### INSTRUCTIONS FOR THE TASK
Produce the lines from the one containing "Freshly peeled peach" through the end of the material exactly as they appear, both ends included, and leave the pictures out.

### PROVIDED DATA
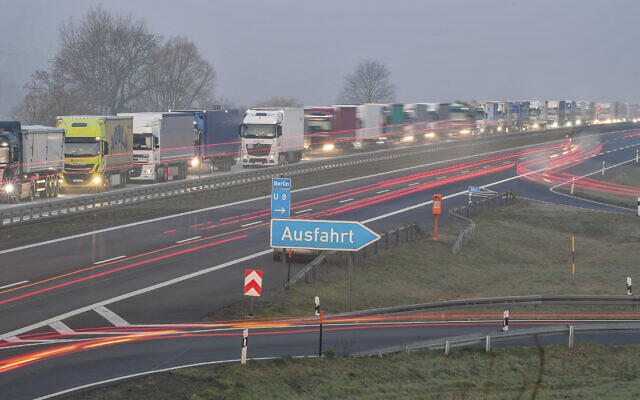 Trucks are jammed in the early morning on Autobahn 12 in front of the German-Polish border crossing near Frankfurt (Oder), Germany, March 18, 2020. (Patrick Pleul/dpa via AP) Trucks are jammed in the early morning on Autobahn 12 in front of the German-Polish border crossing near Frankfurt (Oder), Germany, March 18, 2020. (Patrick Pleul/dpa via AP)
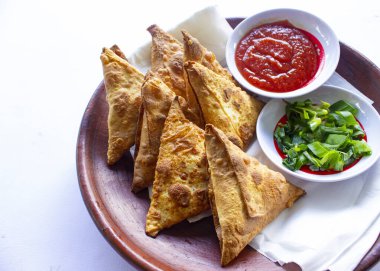 Samosa, samsa veya somsa, siyah arka planda domates sosu ve pırasa dilimi ile servis edilen üç köşeli kızarmış hamur işidir.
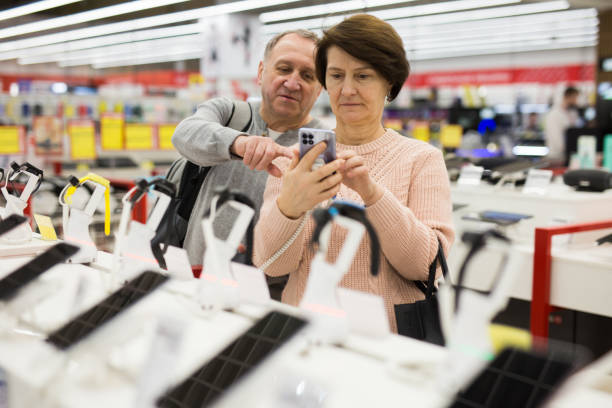 istock Happy mature spouses choose a mobile phone 1407894235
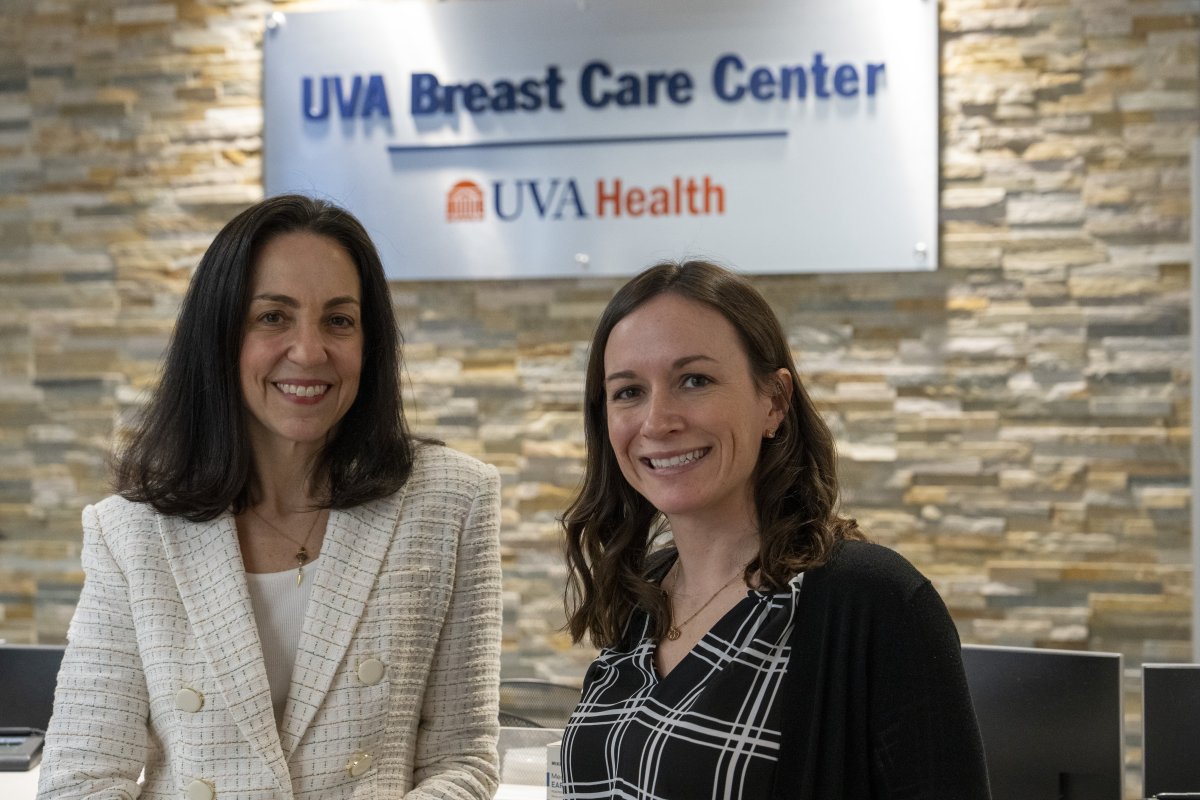 Drs Millard and Showalter stand in front of the uva breast care center sign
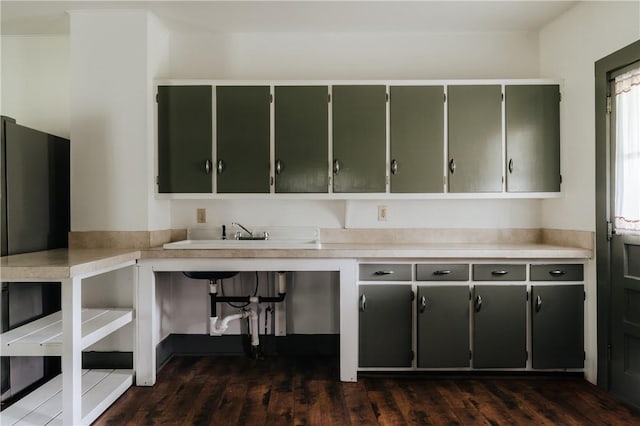kitchen with green cabinetry, dark wood-style flooring, light countertops, and a sink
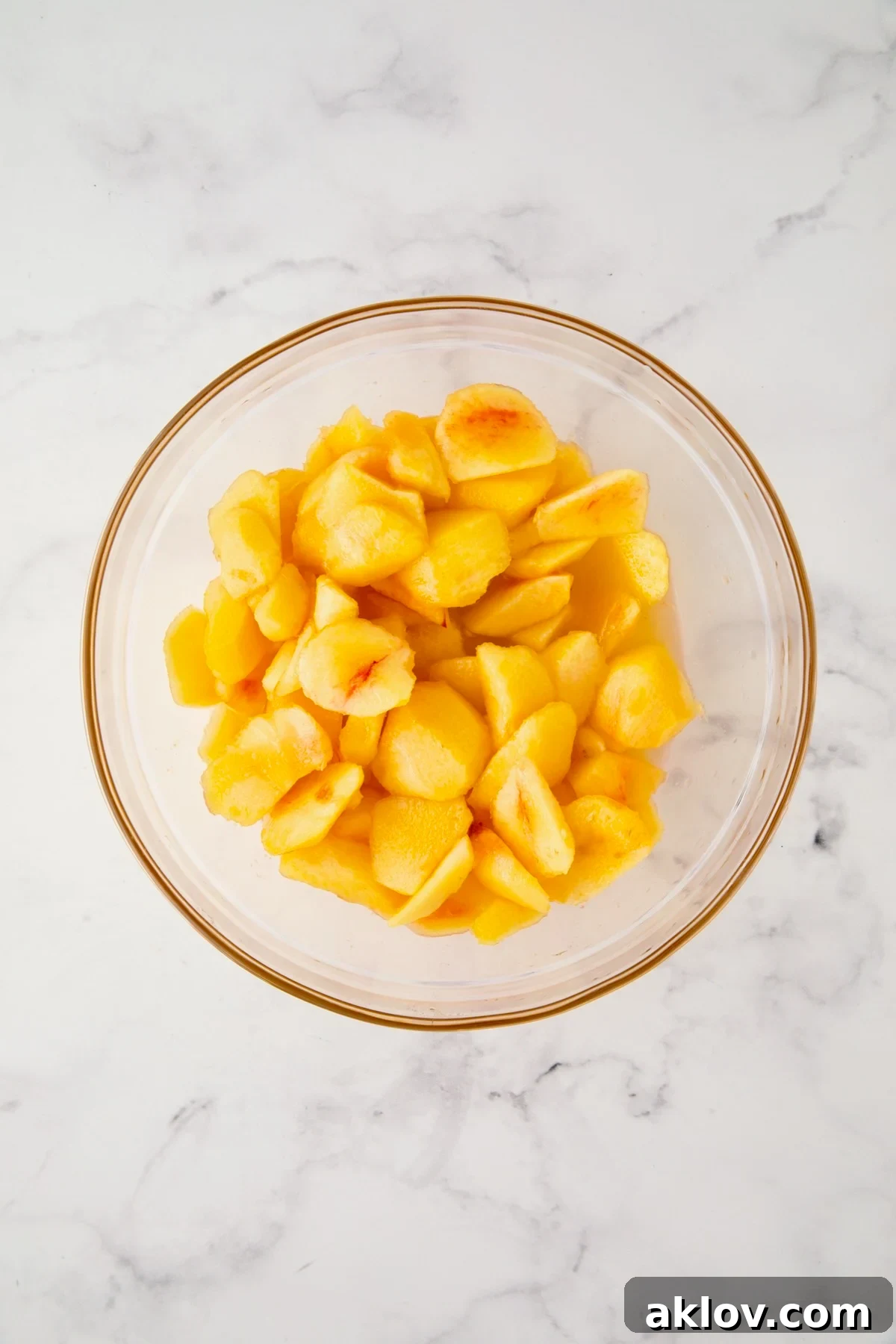 Freshly peeled peach chunks soaking in a bowl of club soda to prevent browning.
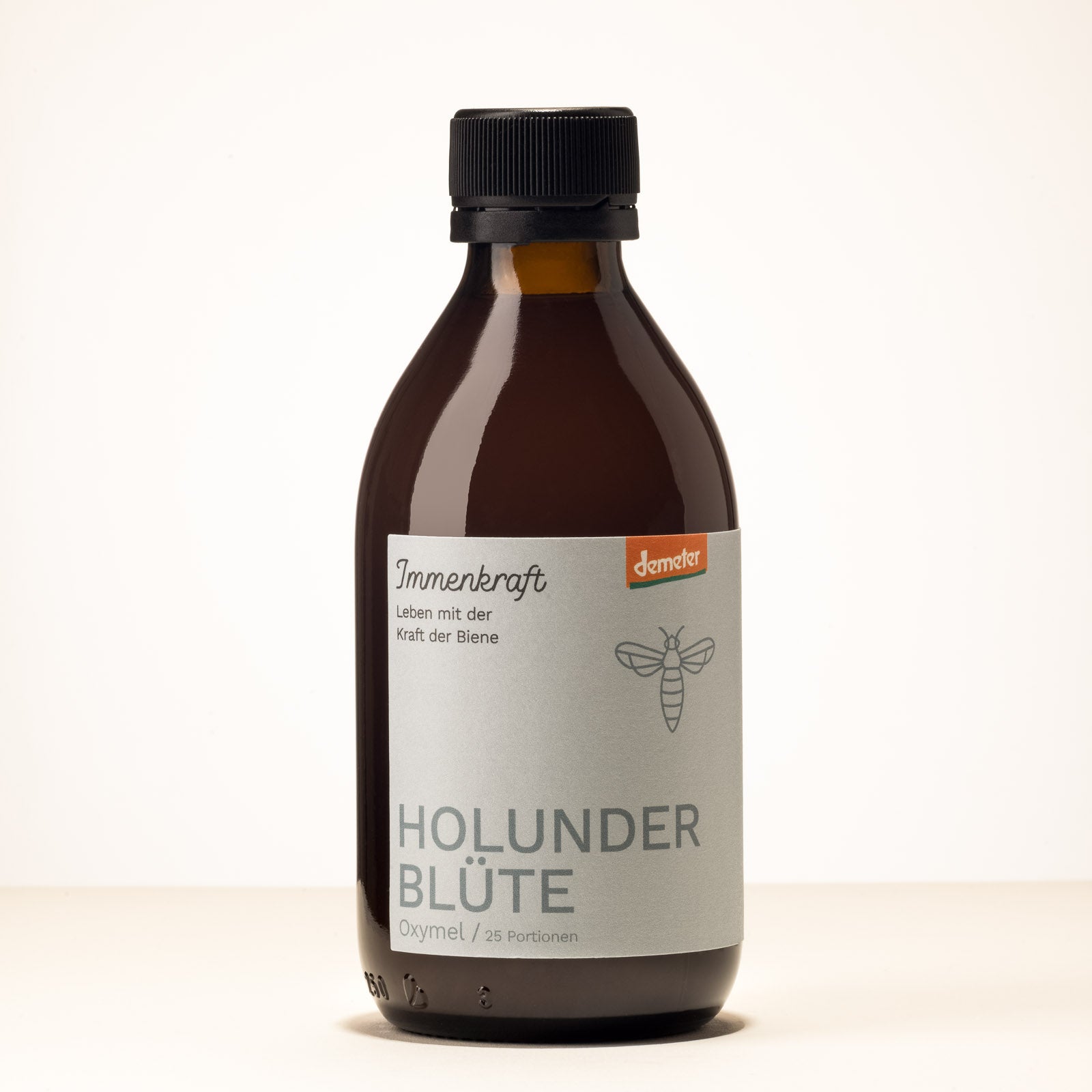 Eine Braunglas-Flasche mit der Aufschrift Immenkraft - Leben mit der Kraft der Biene, Demeter-Logo und Bienen-Logo. Produktname: Holunderblüte Oxymel, 25 Portionen.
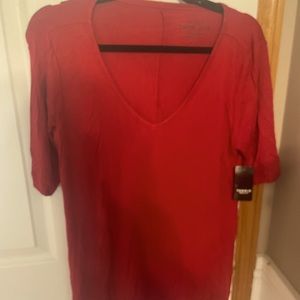Brand new with tags red t- shirt.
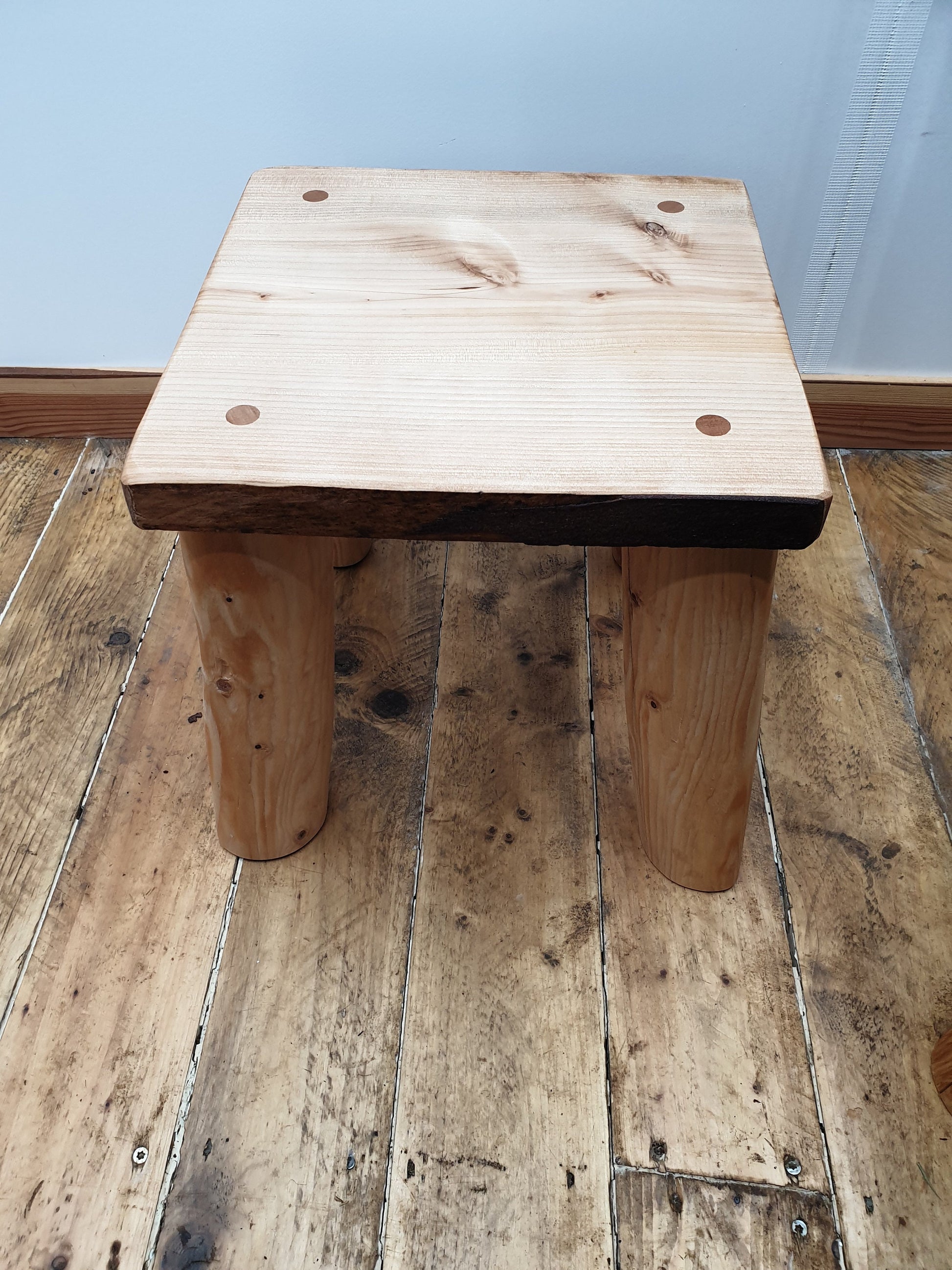 one medium square stool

### TASK OUTPUT
 Freshly peeled peach chunks soaking in a bowl of club soda to prevent browning.
 Eine Braunglas-Flasche mit der Aufschrift Immenkraft - Leben mit der Kraft der Biene, Demeter-Logo und Bienen-Logo. Produktname: Holunderblüte Oxymel, 25 Portionen.
Brand new with tags red t- shirt.
 one medium square stool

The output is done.